Polly Stenham’s adaptation at The National brings Julie to a modern setting, where the same forces of misogyny and upstairs/downstairs class divide feel somewhat strained. Set within the diverse social fabric of modern London, Stenham relies on new elements to bring relevance to Strindberg’s themes, but the result rather confuses the pallet. Despite strong acting from the whole cast, particularly from The Crown’s Vanessa Kirby, this production implodes in it’s struggle to find new meaning.

Julie review National Theatre
Eric Kofi Abrefa (Jean) and Thalissa Telix Eira as Kristina in Julie. Photo: Richard Hubert Smith

In Stenham’s version, Julie is throwing an all-night birthday party at which she idles between wild dancing, coke snorting and the odd tantrum. It’s a believable scene of hedonism, but the drug use undercuts our understanding of her real mental health, giving false reason for her behaviour. Another added element is that both Jean (Eric Kofi Abrefa) and Julie’s maid Kristina (Thalissa Tiexeira), are people of colour. This casting offers a visual signifier of racial hierarchy, but assuming Jean’s position as an economic migrant places his motives in the financial realm. As he consummates his infatuation with Miss Julie (on a literal and metaphorical ladder), he is reduced to an opportunist, as opposed to the more complex, manipulative sadist of Strindberg’s version that revels in Miss Julie’s ruin.
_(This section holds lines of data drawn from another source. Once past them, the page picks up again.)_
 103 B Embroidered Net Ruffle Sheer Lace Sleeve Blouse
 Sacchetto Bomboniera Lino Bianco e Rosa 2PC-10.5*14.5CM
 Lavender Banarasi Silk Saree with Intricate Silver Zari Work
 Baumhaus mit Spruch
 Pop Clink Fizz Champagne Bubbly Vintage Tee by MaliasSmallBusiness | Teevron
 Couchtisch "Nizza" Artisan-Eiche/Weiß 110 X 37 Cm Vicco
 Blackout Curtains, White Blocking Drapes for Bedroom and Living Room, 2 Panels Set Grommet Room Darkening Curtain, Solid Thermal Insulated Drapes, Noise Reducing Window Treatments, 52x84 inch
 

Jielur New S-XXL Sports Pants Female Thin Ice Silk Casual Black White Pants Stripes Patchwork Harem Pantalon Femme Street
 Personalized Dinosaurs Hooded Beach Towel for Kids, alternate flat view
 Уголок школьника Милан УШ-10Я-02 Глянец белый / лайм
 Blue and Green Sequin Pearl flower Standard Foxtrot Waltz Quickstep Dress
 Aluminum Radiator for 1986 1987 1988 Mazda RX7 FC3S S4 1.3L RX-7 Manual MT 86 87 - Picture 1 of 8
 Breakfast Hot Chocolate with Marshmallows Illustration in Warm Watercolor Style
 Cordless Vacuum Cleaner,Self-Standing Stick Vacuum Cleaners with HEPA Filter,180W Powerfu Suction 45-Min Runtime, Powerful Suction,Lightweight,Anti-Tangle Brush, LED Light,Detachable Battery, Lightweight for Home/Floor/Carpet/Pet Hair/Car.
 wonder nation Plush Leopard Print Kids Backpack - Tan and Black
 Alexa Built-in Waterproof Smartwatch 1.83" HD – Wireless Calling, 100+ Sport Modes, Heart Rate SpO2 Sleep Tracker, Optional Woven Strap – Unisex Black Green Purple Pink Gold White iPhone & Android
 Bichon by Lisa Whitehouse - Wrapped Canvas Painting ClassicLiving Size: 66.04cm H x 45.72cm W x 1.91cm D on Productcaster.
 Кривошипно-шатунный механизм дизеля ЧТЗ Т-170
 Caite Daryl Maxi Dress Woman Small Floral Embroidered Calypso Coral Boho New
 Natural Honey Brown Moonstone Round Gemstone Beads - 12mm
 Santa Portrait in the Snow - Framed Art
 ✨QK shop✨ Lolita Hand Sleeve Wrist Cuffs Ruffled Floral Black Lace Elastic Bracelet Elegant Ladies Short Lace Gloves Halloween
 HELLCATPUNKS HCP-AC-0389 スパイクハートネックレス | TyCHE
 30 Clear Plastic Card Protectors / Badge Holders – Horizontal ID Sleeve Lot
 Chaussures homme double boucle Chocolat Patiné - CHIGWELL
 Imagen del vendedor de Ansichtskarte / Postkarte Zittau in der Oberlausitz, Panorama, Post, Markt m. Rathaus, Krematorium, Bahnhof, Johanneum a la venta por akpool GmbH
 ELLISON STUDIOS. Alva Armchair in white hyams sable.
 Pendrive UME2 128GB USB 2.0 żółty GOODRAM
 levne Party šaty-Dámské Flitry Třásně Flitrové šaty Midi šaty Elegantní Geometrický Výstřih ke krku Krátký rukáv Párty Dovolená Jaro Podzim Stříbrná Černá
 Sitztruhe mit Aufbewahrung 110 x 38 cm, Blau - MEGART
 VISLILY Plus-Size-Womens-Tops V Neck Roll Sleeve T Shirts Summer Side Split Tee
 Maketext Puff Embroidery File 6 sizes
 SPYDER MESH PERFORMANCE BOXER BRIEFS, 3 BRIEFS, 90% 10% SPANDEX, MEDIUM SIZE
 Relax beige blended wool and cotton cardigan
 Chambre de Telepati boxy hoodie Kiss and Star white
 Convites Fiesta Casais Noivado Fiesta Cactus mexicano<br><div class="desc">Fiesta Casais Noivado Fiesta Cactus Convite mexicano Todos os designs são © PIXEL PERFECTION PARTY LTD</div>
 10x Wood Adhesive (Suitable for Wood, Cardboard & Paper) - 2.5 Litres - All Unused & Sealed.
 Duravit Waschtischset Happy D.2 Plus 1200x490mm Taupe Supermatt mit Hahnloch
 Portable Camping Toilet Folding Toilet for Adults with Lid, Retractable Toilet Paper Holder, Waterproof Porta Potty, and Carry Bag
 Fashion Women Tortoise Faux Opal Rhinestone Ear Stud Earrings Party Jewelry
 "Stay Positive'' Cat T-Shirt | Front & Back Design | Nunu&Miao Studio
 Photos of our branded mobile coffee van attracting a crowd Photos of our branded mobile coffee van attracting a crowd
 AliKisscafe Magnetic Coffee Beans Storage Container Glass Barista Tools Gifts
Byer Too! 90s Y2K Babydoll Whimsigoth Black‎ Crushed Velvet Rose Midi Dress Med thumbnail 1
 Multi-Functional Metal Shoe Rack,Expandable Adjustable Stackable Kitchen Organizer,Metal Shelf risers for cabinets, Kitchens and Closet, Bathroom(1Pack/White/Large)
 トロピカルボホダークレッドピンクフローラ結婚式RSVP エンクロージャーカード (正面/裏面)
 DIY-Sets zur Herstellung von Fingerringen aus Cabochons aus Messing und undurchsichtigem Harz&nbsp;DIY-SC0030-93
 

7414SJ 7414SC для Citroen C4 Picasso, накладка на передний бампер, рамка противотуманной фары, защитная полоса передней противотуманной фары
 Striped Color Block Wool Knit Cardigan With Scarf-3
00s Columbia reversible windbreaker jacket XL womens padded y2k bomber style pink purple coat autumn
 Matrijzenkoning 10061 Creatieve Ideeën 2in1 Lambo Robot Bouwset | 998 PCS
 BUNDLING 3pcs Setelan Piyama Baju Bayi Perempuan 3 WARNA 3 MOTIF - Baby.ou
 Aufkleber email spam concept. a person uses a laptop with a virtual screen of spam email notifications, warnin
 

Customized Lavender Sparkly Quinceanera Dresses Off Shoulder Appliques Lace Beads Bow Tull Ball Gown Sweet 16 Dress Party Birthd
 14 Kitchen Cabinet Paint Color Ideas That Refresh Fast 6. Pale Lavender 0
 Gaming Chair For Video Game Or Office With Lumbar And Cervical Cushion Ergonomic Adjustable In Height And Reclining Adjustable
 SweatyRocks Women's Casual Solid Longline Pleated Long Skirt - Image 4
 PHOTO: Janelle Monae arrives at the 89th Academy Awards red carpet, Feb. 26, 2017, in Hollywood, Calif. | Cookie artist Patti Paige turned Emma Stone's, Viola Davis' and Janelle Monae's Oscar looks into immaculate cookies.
Julie review National Theatre
Julie at the National Theatre. Photo: Richard Hubert Smith

It is hard to believe that Stenham’s Jean harbours the misogyny of Strindberg, as he shows much admiration for his fiancé Kristina who, every bit as attractive as Julie, is on a course of self-improvement by quitting smoking and taking an online course. She has integrity stronger than Julie, who instead seeks improvement through the way people perceive her. With Julie at rock bottom after being recently dumped, she becomes an easy conquest for Jean. The question only begs: Why bother?

Julie National Theatre
Vanessa Kirby as Julie. Photo: Richard Hubert Smith

Tom Scutt’s design is bright and slick. The posh Hampstead Heath home is sterile in its modernism, but is gradually smeared with the stains of the party in a visual metaphor for Julie’s dishonour. A clever piece of Carrie Cracknell’s direction sees the worn out party guests exit the stage through the cupboards of the kitchen, ominously closing them as they leave: a suggestion that debauchery and wickedness hides in the walls of the very house, as in Julie’s ruined mind. Though at times entertaining and darkly humorous, the climax of the play fails to trigger a real sense of outrage.